Durable Goods Report Optimistic, But Analysts Remain Pessimistic On Economic Outlook

According to the Census Bureau report, new orders were up 3.4 percent, and most other markers were positive, but some still worry.

WASHINGTON, D.C.- In March, new orders for manufactured durable goods increased 3.4 percent to $214.9 billion, according to a report released by the U.S. Census Bureau on Wednesday.

(For more information, click here.)

After decreasing for the past two months, shipments increased 0.8 percent in March to $207.8 billion.

Unfilled orders, which had increased 22 of the past 23 months, rose again in March, moving up 1.8 percent to $717 billion. This increase marks the highest level since 1992.

Inventories continued a 13-month trend and increased 0.3 percent in March to $298.8 billion.

Nondefense new orders for capital goods were up 11.7 percent to $80.2 billion.
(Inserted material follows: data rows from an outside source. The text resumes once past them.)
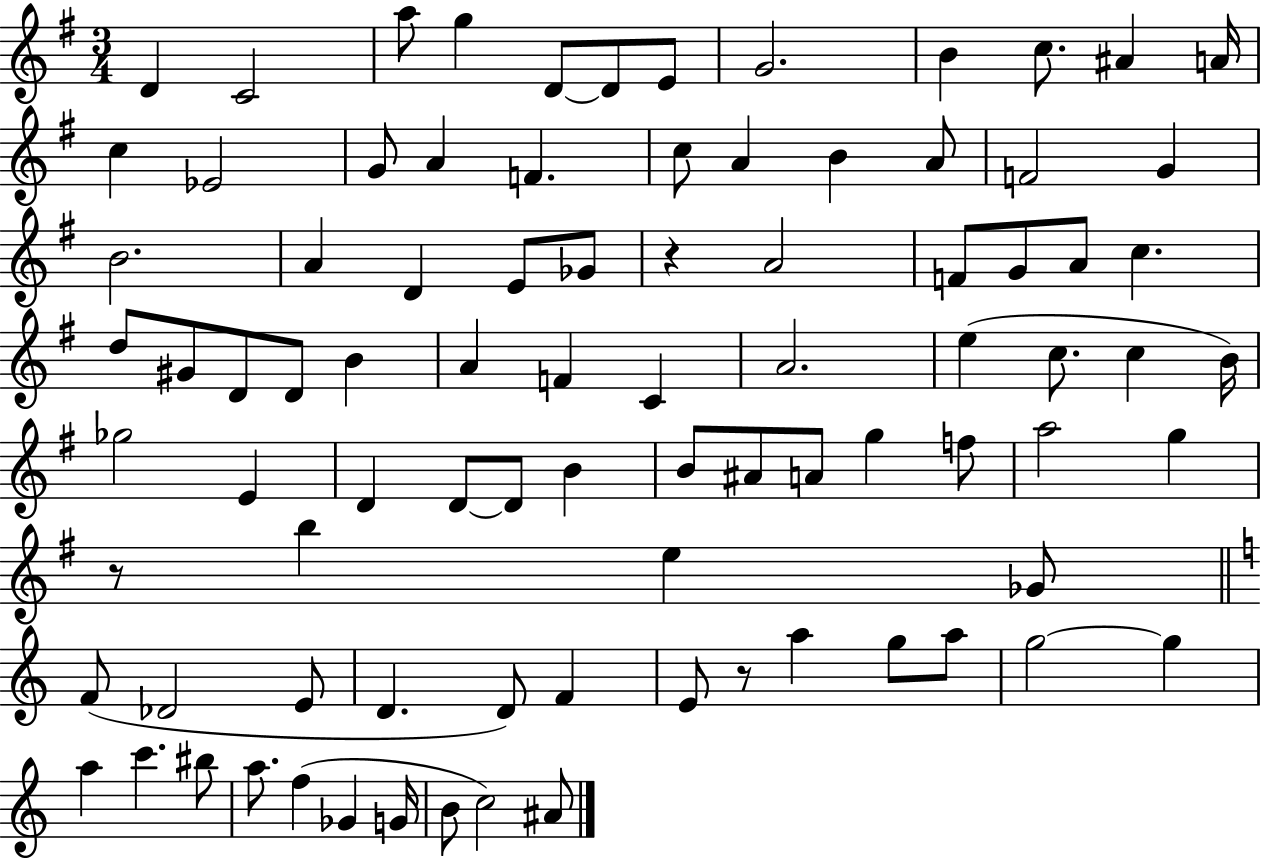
{
  \clef treble
  \numericTimeSignature
  \time 3/4
  \key g \major
  \repeat volta 2 { d'4 c'2 | a''8 g''4 d'8~~ d'8 e'8 | g'2. | b'4 c''8. ais'4 a'16 | \break c''4 ees'2 | g'8 a'4 f'4. | c''8 a'4 b'4 a'8 | f'2 g'4 | \break b'2. | a'4 d'4 e'8 ges'8 | r4 a'2 | f'8 g'8 a'8 c''4. | \break d''8 gis'8 d'8 d'8 b'4 | a'4 f'4 c'4 | a'2. | e''4( c''8. c''4 b'16) | \break ges''2 e'4 | d'4 d'8~~ d'8 b'4 | b'8 ais'8 a'8 g''4 f''8 | a''2 g''4 | \break r8 b''4 e''4 ges'8 | \bar "||" \break \key a \minor f'8( des'2 e'8 | d'4. d'8) f'4 | e'8 r8 a''4 g''8 a''8 | g''2~~ g''4 | \break a''4 c'''4. bis''8 | a''8. f''4( ges'4 g'16 | b'8 c''2) ais'8 | } \bar "|."
}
Defense new orders for capital goods dropped 22.4 percent to $6.3 billion.

 “The significant bounce back in business equipment spending evidenced in the durable goods report is more a function of the volatility inherent in these data than a clear sign that business confidence in the economy has stabilized enough to allow capital spending to resume a healthy growth trajectory after weakening considerably in the latter months of 2006,” said Cliff Waldman, Economist for the Manufacturers Alliance/MAPI.  “The general economic outlook remains precarious.  Weather-related volatility aside, there is mounting evidence that the housing slump is worsening.  And while consumer spending has been supported by moderately strong job growth, the continuation of sluggish GDP growth puts the labor market at risk, as well. 

“Healthy export demand should allow for continued expansion in the factory sector, albeit at a subdued pace,” he added.  “But the outlook for the domestic U.S. economy remains a considerable question mark.”